• Scott Poore, AIF, AWMA, APMA

Rising Inflation A Laughing Matter?

With the rising costs of goods and services due to inflationary pressures, it's important to put inflation into the proper context. For some of us, the rising costs have not substantially hurt our pocket books. We look at the price of gasoline as we are filling up our tanks and we shake our heads. But for many others, this is not the case at all. For many others, this is becoming an unbearable situation. The current administration and the Fed are doing little to help ease inflationary pressures. What we've heard over the last 12 months is that it's "transitory" or that it's someone else's fault (i.e., OPEC).

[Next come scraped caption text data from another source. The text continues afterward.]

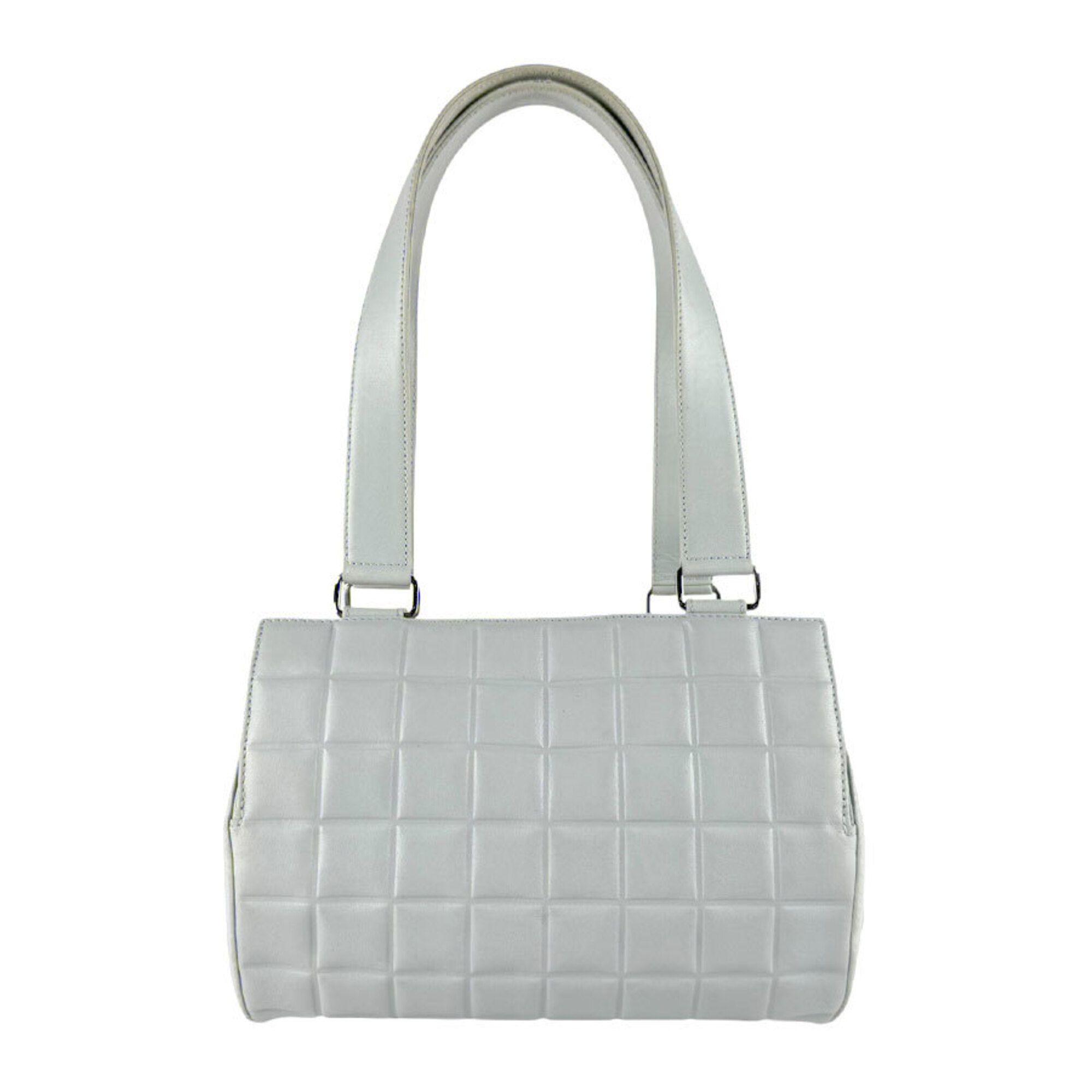 Leather Shoulder Bag (Pre-Owned) - Chanel - Modalova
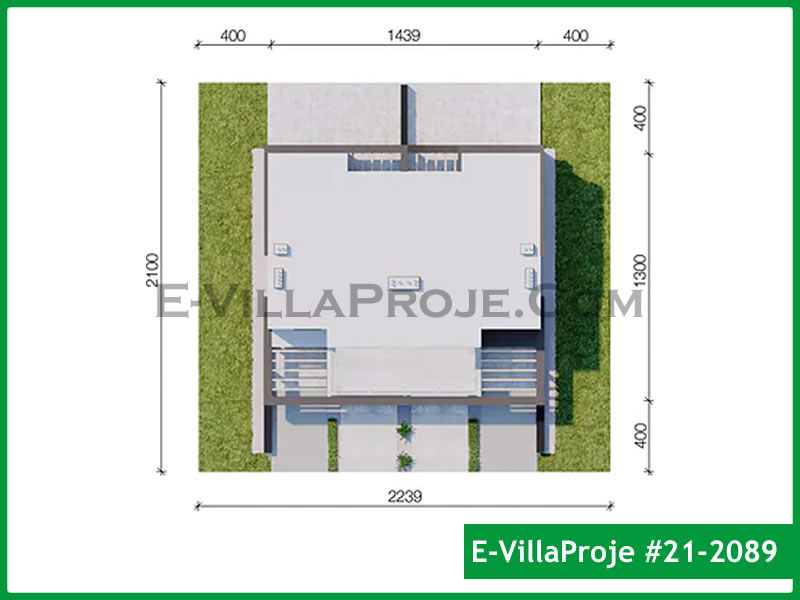 Ev Villa Proje #21 - 2089 Thumbnail 23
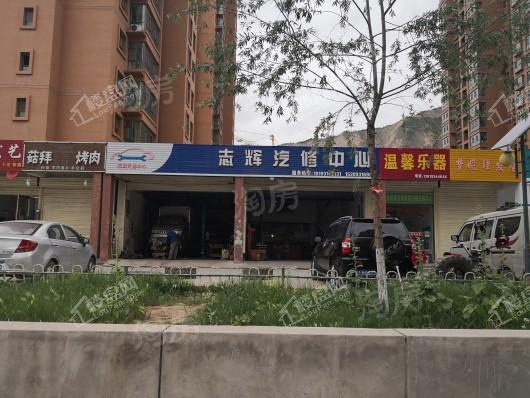傲润 天顺祥配套图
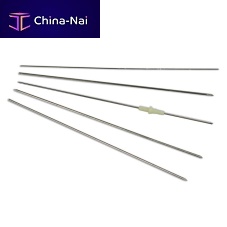 Kirschner orthopedic pin non-absorbable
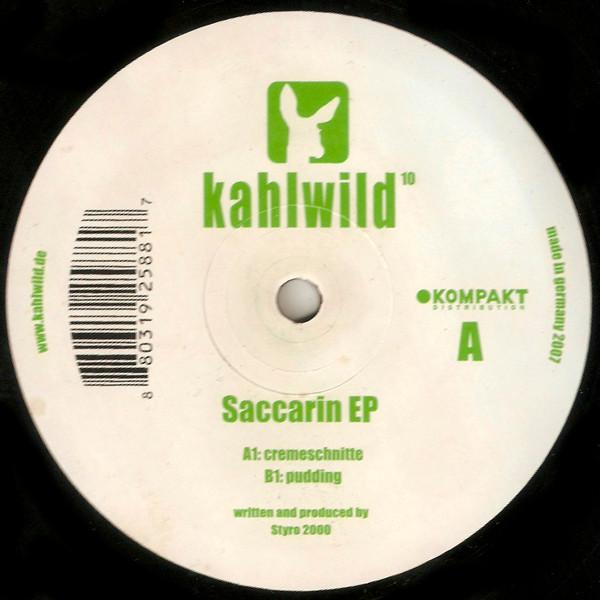 Styro2000 - Saccarin EP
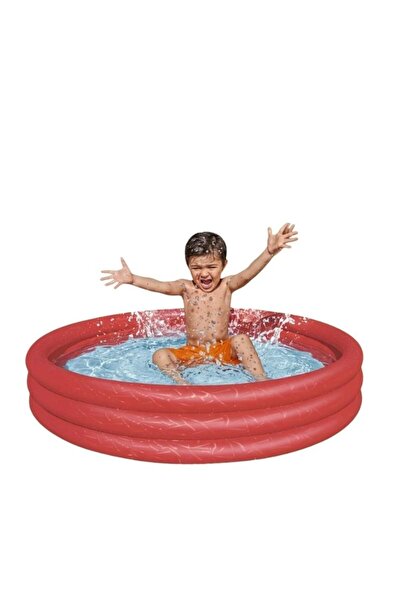 BESTWAY حوض سباحة بثلاث حلقات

It's somewhat reminiscent of the famous statement attributed to Marie Antoinette, who said "Let them eat brioche" after being asked about her subjects not having enough food to eat. Interesting trivia - the quote is up for debate as to whether Antoinette actually uttered the phrase or someone else in King Louis' court spoke the words. The French quote is often mistranslated to "cake" when in fact it was "brioche." That doesn't change the general meaning, as brioche was still a food of the wealthy at that time. Antoinette, whether she uttered the famous quote or not, was tone-deaf as to the plight of her subjects. She lived an extremely extravagant lifestyle and was opposed to social and financial reforms. Had she been more sensitive to her subjects, she might have avoided the guillotine. If the current administration doesn't shift gears, it might find itself out of a job faster than expected. Here's what we're seeing this week...


Inflation Is No Laughing Matter. People in financial services often talk about inflation in fancy-sounding terms and acronyms, like CPI, that mean nothing to those outside of our industry. However, when we put inflation into a perspective that can be easily understood by the average consumer, the light bulb starts to flicker.

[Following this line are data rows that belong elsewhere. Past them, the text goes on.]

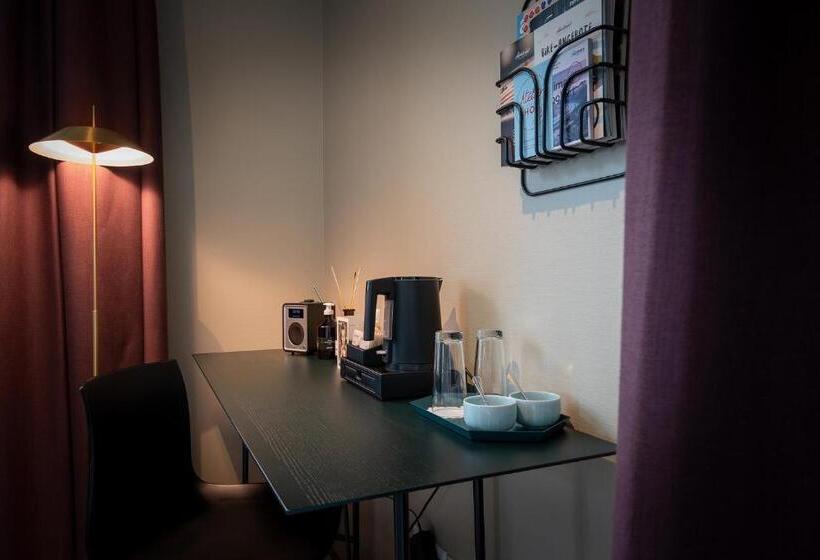 اتاق لوکس یک تخته, Schweizerhof Lenzerheide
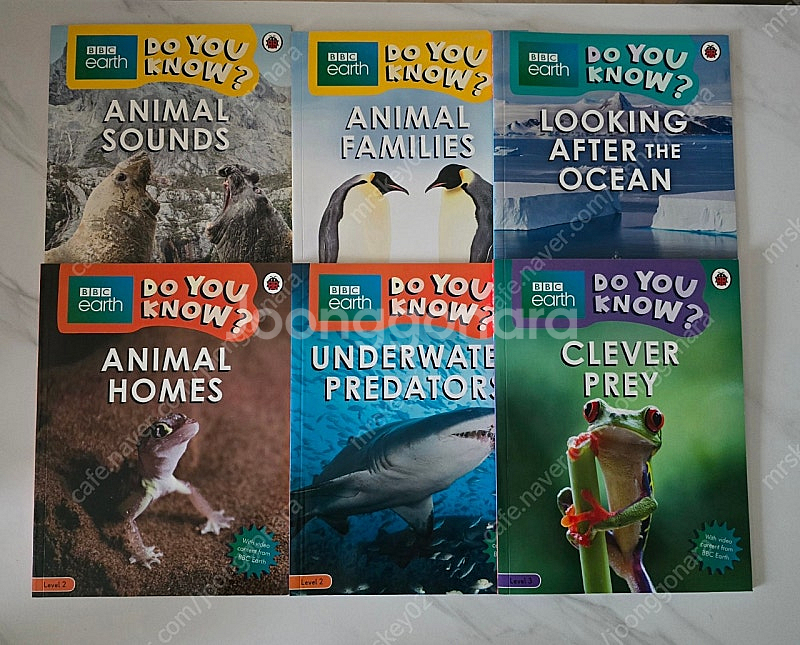 BBC Do you know--2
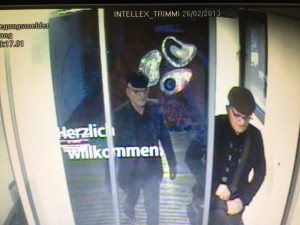 Bankraub in Trimmis: Raubüberfall auf die Raiffeisenbank Bankraub in Trimmis: Raubüberfall auf die Raiffeisenbank
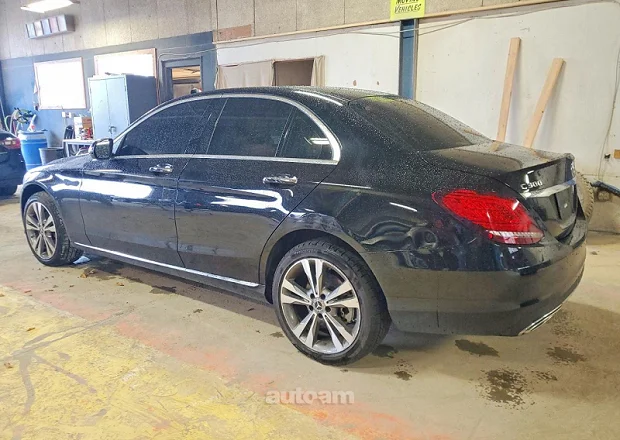 Mercedes-Benz C 300 2021 — լուսանկար 4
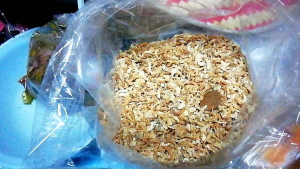 กุ้งแห้งพม่าตัวเล็ก1kilo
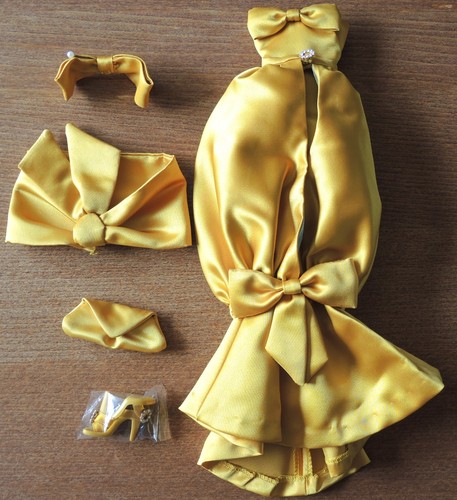 Vêtement gold sensation - vêtement,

For example, the median annual U.S. household income is $67,521. After federal, state, & local taxes, that comes to around $53,110 take-home wages. One year ago, as the average price of gasoline was $2.10, filling up your tank weekly was approximately $40. For this particular household profile, gasoline (assuming two family vehicles) would comprise about 8% of the family's annual budget. Fast forward to today, as the average price of gasoline is $3.45, and the new cost of filling up the family vehicles is about 13% of the family's annual budget. Since we need to drive to accomplish certain tasks in life - work, education, etc. - it doesn't take a rocket scientist to figure out consumers will start to make difficult decisions when it comes to their discretionary spending should gas continue to rise.

Gas is only one element of inflation and it would appear, based on the most recent Consumer Price Index released this week, that Producers are starting to pass higher costs onto consumers. While the PPI (blue line) has flattened slightly, CPI (orange line) has begun to increase and is starting to catch up to PPI. The market was looking for a 0.6% increase in CPI month-over-month, but the October print was +0.9%.


The tone-deaf response from this administration is a bit alarming as there are things that could be done to alleviate some of the pain from inflation. In the early days of this administration, the Keystone Pipeline was shut down.

The current pipeline still exists from Alberta, Canada to Port Arthur, TX. It carries 550,000 barrels of oil from Canada to the U.S. daily. The proposed line that was cancelled was going to bring 830,000 barrels of oil daily from Canada to the U.S. (+280,000 additional barrels daily)!!! Given the fact that the Biden administration has been documented asking OPEC to increase output multiple times this year, the Keystone cancellation seems vital to oil prices. When interviewed by Bloomberg late last week, Energy Secretary Jennifer Granholm was asked what her plan was to increase oil production in America. This was a timely question, especially since OPEC has been unwilling to increase production. The Energy Secretary's response to the question was laughter as she stated, "That is hilarious. Would that I had the magic wand on this." Seems like resuming the Keystone Pipeline construction would be an easy fix. But, almost as important, is the tone-deaf attitude of this administration for those families with median income who's annual budget just got cut by 5% due to higher gas prices. What's more, the Biden administration is studying the impact of shutting down the Embridge Line 5 pipeline. For some perspective, that pipeline pumps 23 million gallons of oil a day from the Straits of Mackinac (Michigan) into the rest of the U.S. What do you think would happen to the price of oil if that pipeline ceased operations?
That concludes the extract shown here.